As reported the sword was just lying about 5 centimeters beneath the grass and was very well-preserved sword.
It has amazing inscriptions on both sides and due to it’s position it has been found it was probably not deliberately buried in ground.
At first it was puzzling the scientists where this sword came from as this kind of weapon was never found in Siberia, however during further research they have revealed it originated in Rhine basin of Germany, then it was transported to Swedish Gotland where he was inscribed with Norse pattern that writes: “In the name of the mother of our savior eternal, eternal Lord and Savior. Christ Jesus Christ.”

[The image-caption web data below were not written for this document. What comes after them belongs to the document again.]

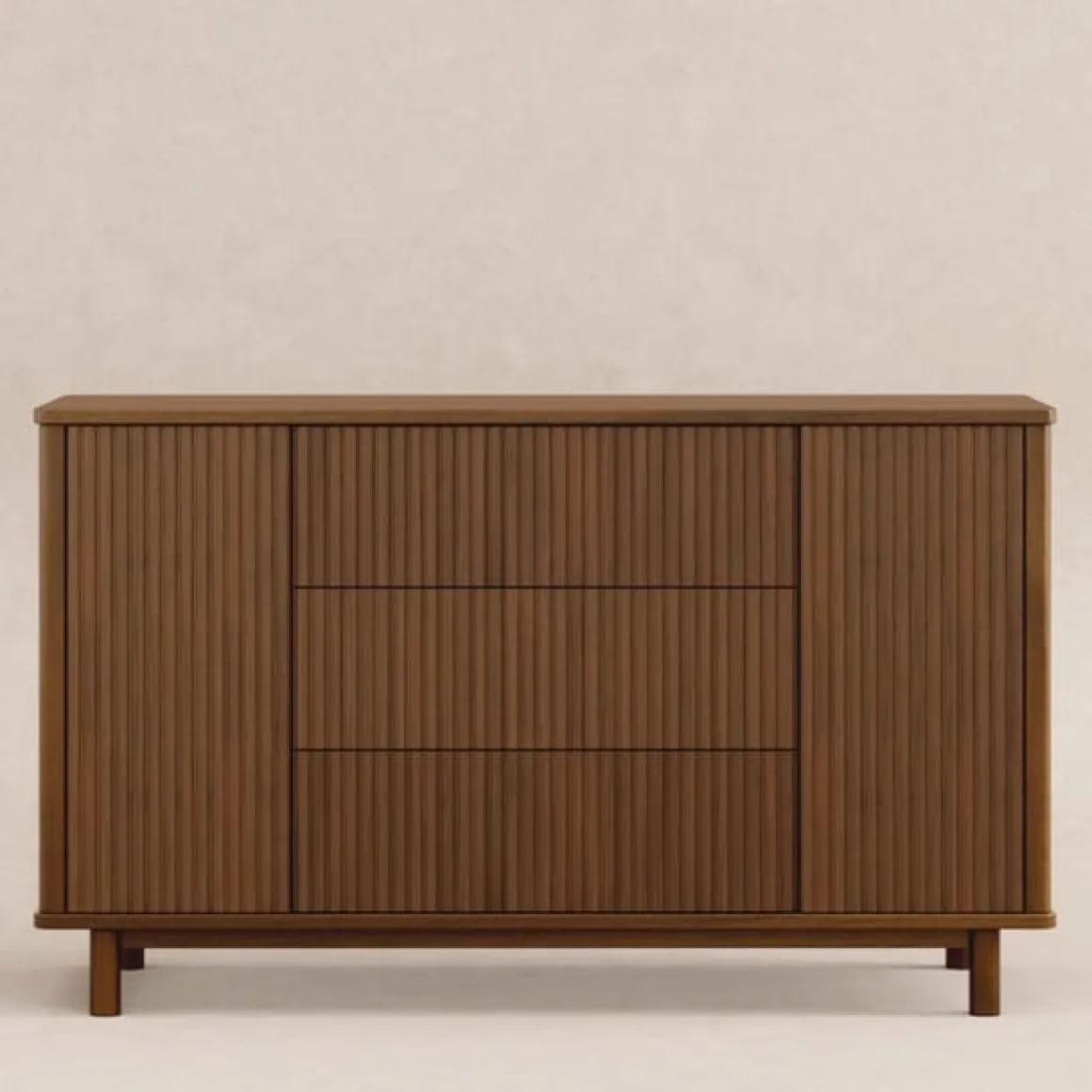 Babyletto Pogo Tambour Assembled Dresser - Natural Walnut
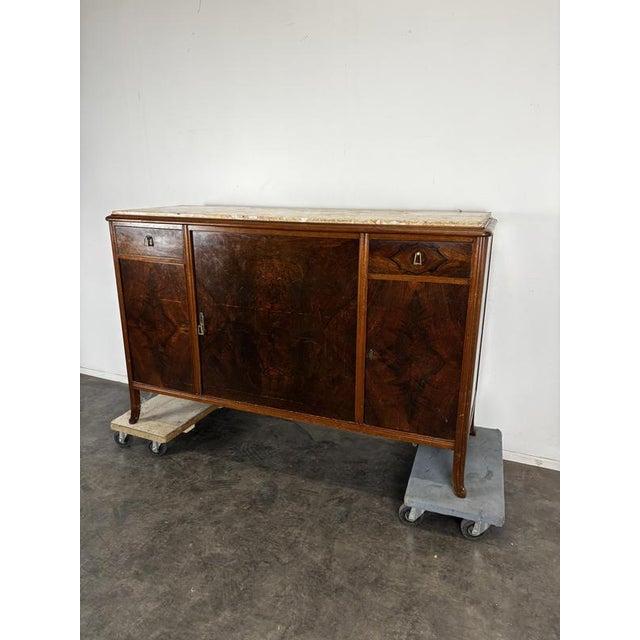 Art Nouveau Buffet in Burr Walnut with Marble Top and Oval Mirror, 1890s For Sale - Image 10 of 12
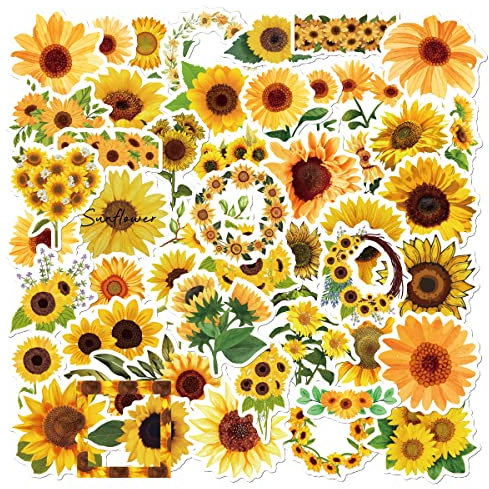 Bric Dodo 50 Stück Sonnenblumen Aufkleber Auto Laptop Telefon Gitarre Skateboard Motorrad Fahrrad Sunflower Stickers Set Vinyl Wasserdicht Aesthetic Aufkleber für Jugendliche Kinder Erwachsene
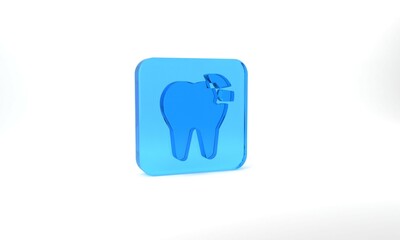 Blue Broken tooth icon isolated on grey background. Dental problem icon. Dental care symbol. Glass square button. 3d illustration 3D render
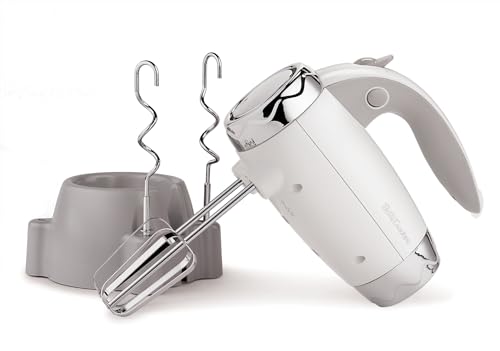 BETTY CROCKER Hand Blender 7 Speed, 250 Watt Electric Mixer with Beaters and Dough Hooks, Ergonomic Electric Hand Mixer for Home & Kitchen with Stand and Soft Touch Handle, White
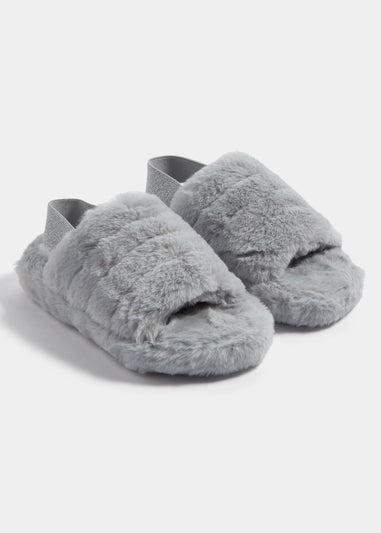 Girls Grey Single Strap Slippers (Younger 10-Older 5)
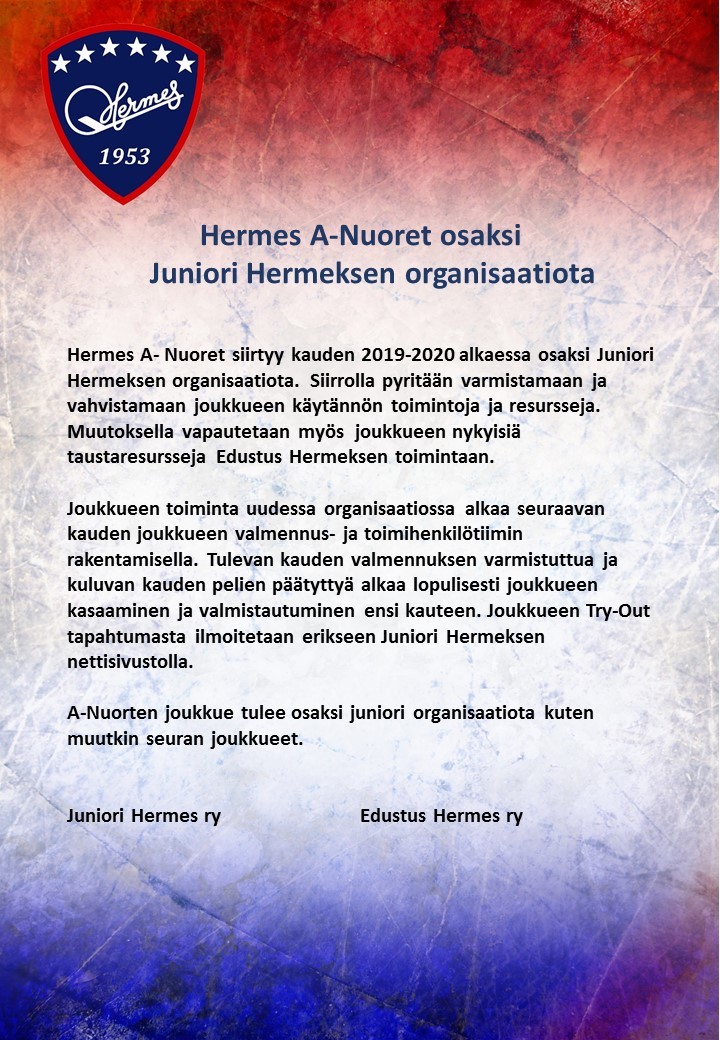 Hermes A-Nuoret osaksi Juniori Hermeksen organisaatiota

“There has been widespread debate about how the sword ended up in Russia, with assumptions it was either carried along a trade route, or taken as a spoil of war from skirmishes in the region,” reports the Siberian Times. “According to Arab historians, in the middle of the 12th century there was an ancient northern path through Russia to the River Ob, called the Zyryanskaya road or Russky tes. Over the centuries archaeologists have found a treasure trove of coins, silver vessels and medieval jewellery in the Urals and lower reaches of the Ob, having travelled from the west.”
Archaeologist Molodin however gave different perspective. According to his latest theory, the sword may have belonged to Tsar Ivan IV (Ivan the Terrible), who was the Grand Prince of Moscow from 1533 to 1547 and Tsar of all the Russias from 1547 until his death in 1584.
It was said that Ivans conquest of territory enabled a relationship with Europe through trade, and maybe exactly due to this trade did Ivan acquire such gift from western traders. Molodin proposes that the weapon was then taken from the royal armory by the legendary warrior Ivan Koltso, a gift from Ivan ahead of the conquest of Siberia, led by Cossack leader Yermak Timofeyevich.